FIG. 5 is a diagram showing a configuration of an optical pickup device according to an embodiment of the present invention.

FIG. 6 is a diagram showing a mounting portion applied to the optical pickup device according to the embodiment of the present invention.

FIG. 7 is a diagram showing a configuration of a conventional optical pickup device.

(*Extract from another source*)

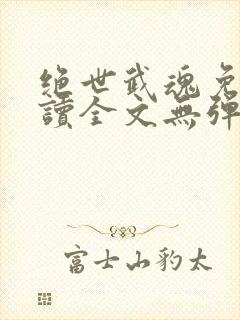 绝世武魂免费阅读全文无弹窗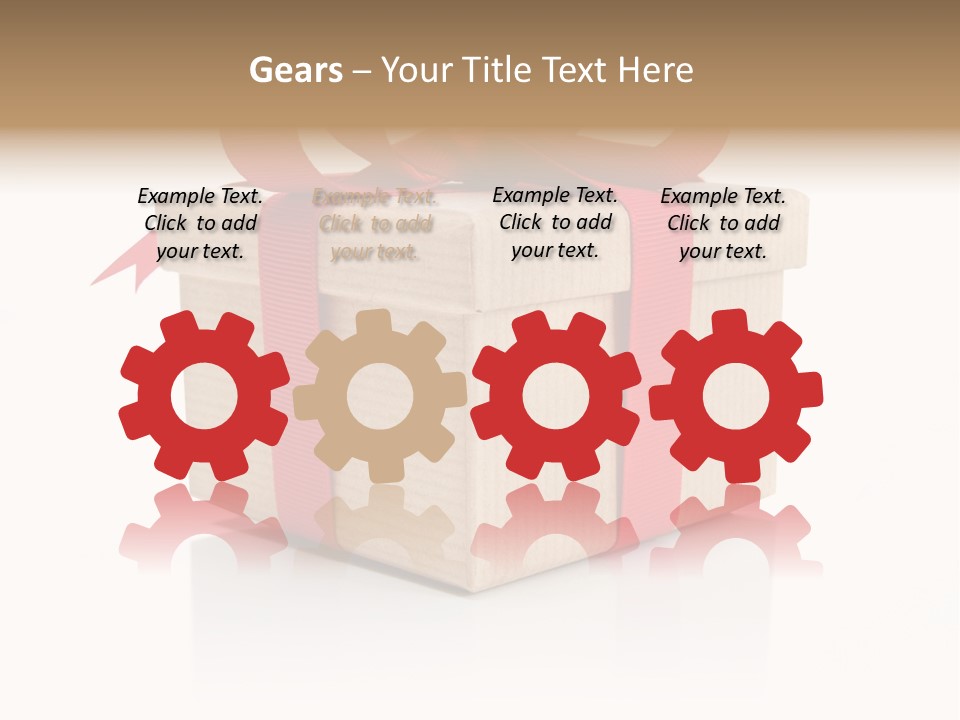 Present Birthday Ribbon PowerPoint Template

FIG. 8 is a diagram showing an appearance of a conventional beam splitter.

[Explanation of symbols]

 1-beam splitter 2-reflection film 11-semiconductor laser 12-mounting part 12a-recess 13-objective lens 14-photodetector 15-optical recording medium

Claims (4)

[Utility model registration claims] 1. An optical mirror having a quadrangular surface and an optical film on one surface on which an optical film for enhancing the reflectance or transmittance of light of a specific wavelength is deposited, wherein at least one of the inner angles is not a right angle. mirror. 2. The optical mirror according to claim 1, wherein the surface shape is a parallelogram. 3. A light source for outputting a laser beam having a specific wavelength, an optical path for guiding the laser beam output from the light source to an optical recording medium such as a CD or a DVD, and the optical recording medium irradiated with the laser beam. An optical pickup device comprising: a light detecting unit that detects reflected light of the optical mirror. An optical pickup device, wherein the optical mirror according to claim 1 or 2 is arranged in the optical path. 4. The optical pickup device according to claim 3, wherein the optical mirror is mounted on a mounting portion having a recess having substantially the same shape as the outer shape of the optical mirror.